> **Extracted material**
--*--

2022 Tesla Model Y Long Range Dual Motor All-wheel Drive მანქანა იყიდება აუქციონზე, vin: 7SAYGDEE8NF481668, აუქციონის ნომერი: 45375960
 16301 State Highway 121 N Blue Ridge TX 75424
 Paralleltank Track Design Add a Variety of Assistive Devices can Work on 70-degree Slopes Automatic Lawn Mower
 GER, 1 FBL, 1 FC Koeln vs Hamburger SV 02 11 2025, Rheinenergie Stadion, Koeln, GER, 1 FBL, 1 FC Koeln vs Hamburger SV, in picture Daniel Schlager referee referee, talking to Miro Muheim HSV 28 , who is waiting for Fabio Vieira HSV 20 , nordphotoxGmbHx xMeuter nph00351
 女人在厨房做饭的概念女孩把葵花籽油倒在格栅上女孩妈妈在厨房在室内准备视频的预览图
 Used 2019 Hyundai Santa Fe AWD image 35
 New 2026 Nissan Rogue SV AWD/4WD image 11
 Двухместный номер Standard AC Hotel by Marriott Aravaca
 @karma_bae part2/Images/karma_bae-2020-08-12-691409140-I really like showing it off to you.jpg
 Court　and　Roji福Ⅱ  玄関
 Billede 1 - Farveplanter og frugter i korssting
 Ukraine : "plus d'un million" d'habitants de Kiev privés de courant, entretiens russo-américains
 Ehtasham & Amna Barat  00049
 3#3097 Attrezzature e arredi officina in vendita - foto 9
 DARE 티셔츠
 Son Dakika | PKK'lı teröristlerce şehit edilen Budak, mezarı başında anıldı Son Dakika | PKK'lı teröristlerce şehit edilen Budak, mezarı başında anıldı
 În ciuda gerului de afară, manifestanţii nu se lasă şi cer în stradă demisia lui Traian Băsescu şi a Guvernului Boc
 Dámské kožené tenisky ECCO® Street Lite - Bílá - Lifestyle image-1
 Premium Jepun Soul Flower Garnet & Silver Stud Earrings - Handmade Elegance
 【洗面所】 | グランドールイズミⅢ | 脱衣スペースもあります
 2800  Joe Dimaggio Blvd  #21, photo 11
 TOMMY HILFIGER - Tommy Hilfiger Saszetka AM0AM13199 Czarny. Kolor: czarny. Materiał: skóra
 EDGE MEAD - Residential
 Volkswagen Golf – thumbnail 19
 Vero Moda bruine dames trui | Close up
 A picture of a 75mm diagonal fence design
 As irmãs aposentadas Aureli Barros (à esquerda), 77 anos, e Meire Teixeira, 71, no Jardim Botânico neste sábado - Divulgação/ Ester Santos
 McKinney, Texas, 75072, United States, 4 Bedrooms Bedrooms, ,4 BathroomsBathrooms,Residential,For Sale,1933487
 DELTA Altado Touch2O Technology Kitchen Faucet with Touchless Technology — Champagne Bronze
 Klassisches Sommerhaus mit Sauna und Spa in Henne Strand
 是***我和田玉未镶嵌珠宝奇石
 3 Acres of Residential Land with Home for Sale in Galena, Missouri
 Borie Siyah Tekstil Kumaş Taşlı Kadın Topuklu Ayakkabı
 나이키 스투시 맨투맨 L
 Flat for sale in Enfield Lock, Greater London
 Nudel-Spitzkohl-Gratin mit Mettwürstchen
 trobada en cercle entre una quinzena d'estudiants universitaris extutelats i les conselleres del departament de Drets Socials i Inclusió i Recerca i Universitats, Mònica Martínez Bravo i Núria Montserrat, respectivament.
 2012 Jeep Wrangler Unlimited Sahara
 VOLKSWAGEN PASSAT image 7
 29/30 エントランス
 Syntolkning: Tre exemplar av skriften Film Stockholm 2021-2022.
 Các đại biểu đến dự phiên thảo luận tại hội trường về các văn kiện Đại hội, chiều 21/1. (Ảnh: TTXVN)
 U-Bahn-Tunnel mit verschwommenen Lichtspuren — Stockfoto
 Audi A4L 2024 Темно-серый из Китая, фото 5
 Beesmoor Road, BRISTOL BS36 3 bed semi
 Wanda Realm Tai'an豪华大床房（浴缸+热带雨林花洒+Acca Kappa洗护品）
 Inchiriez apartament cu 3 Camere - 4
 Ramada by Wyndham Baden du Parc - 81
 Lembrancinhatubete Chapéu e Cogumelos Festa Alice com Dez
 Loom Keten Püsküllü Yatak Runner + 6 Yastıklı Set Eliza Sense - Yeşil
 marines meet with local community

--*--

> **Instructions to follow**
Every line of the listing that holds the word "with" should be counted. Please give that number only.

> **Solution for this task**
3